About CT-P13 (biosimilar infliximab)

CT-P13 is developed and manufactured by Celltrion, Inc. and was the world’s first monoclonal antibody biosimilar approved by the European Commission (EC). It is indicated for the treatment of eight autoimmune diseases including RA and IBD. It was approved by the EC under the trade name Remsima® in September 2013 and launched in major EU countries in early 2015. The US FDA approved CT-P13 in April 2016 under the trade name Inflectra®. CT-P13 intravenous (IV) formulation is approved in more than 91 countries (as of October 2019) including the US, Canada, Japan and throughout Europe.

CT-P13 IV is usually given as 3mg per kg/body weight in RA and as 5mg per kg/body weight for the other indications. Infliximab IV is given as an infusion over two hours. All patients are monitored for any reactions during the infusion and for at least one to two hours afterwards.4 Celltrion has also developed a subcutaneous (SC) formulation of infliximab that has three administration options; via a pre-filled pen (auto injector), pre-filled syringe or pre-filled syringe with needle safeguard. The SC formulation has the potential to enhance treatment options for the use of infliximab biosimilar by providing high consistency in drug exposure and a convenient method of administration.5,6

The SC formulation of CT-P13 is not currently approved for us. It has received a positive opinion from the Committee for Medicinal Products for Human Use (CHMP) for the treatment of people with RA. A phase III study of CT-P13 SC for people with inflammatory bowel disease (IBD) is underway. Celltrion hope to seek expanded indications following the results of this trial.

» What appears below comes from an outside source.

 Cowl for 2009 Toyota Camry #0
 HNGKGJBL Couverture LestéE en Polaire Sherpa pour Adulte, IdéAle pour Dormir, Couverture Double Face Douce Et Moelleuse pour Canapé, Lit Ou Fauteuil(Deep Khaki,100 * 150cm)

About CT-P17 (biosimilar adalimumab)

CT-P17 is a recombinant humanised monoclonal antibody that contains the active ingredient adalimumab. Adalimumab is a fully human anti–tumour necrosis factor α (anti-TNFα) monoclonal antibody indicated for the treatment of patients with rheumatoid arthritis (RA), psoriatic arthritis (PsA), ankylosing spondylitis (AS), Crohn’s disease (CD), ulcerative colitis (UC), psoriasis (PsO), hidradenitis suppurativa (HS), uveitis (UV) and juvenile idiopathic arthritis (JIA).

The primary results of the first clinical study of CT-P17 – a phase 1 randomised, double-blind, three-arm, parallel group, single-dose study versus reference adalimumab in healthy male subjects – were recently published and demonstrated comparability in safety profile, immunogenicity and pharmacokinetics (PK) for these healthy male subjects.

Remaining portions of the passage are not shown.